Similarly, experience is showing, as highly qualified eco-boomers come to the work market from university, they are choosing whom to work for with more consideration as to the values of the employer, making sustainability a major factor in decision-making. Business is having to adapt to the changing requirements and needs of the workforce and its ability to attract best talent as people revise their goals, priorities and expectations and as they look to make efficiencies in how and where to live and work. Moreover, with best talent there is a natural progression toward evolving products and services reducing customer impact and building further the bonds of trust and legitimacy to operate, delivering long-term value creation while moving away from the corrosive past economic and business models.


Equally, high quality human capital is a critical driver of productivity over the short as well as the long-term. Well- educated workers are able to adapt rapidly to their changing environment and the evolving needs of the production system.

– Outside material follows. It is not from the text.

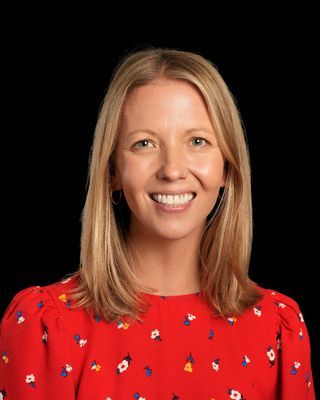 A woman in a denim jacket is smiling for the camera.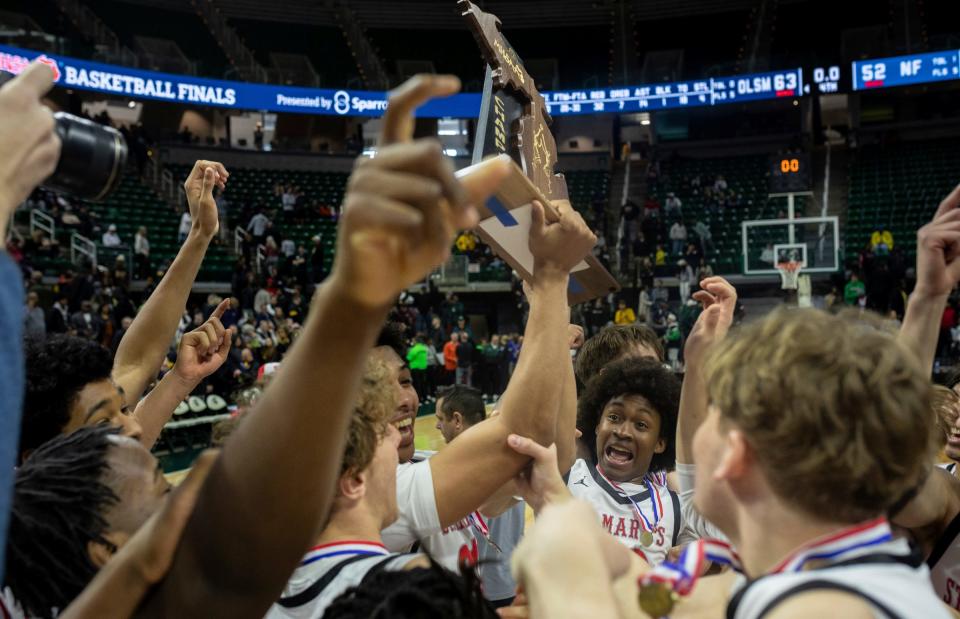Orchard Lake St. Mary's players celebrate with the MHSAA trophy after defeating North Farmington 63-52 during the MHSAA Div. 1 state finals at the Breslin Center in East Lansing on Saturday, March 16, 2024.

Moreover, sustainability helps protect against the vulnerability of employee instability. For example: unequal and disengaged employees are more vulnerable to concerns related to job loss or age concerns, and it fosters discontent among those who are excluded from the benefits of the social and economic progress enjoyed by some. Thus, using gauges such as the Gini Index as a measure of income inequality in the business, it is also possible to measure how excessive inequality would be expected to have a negative affect on productivity. Therefore, sustainability bridges the gaps, creating cohesion, and supports sustainable competitiveness and productivity because it requires focus on economic performance, employee development and cohesion.


This further underpins the case for embedded sustainability, ensuring that goods, services, labor and financial capital are allocated in the most productive manner, which delivers technological readiness, business sophistication, and innovation, to represent both short and long-term drivers for competitiveness.


Surely, serving the best interests of the environment and communities can also be seen to be the right financial approach.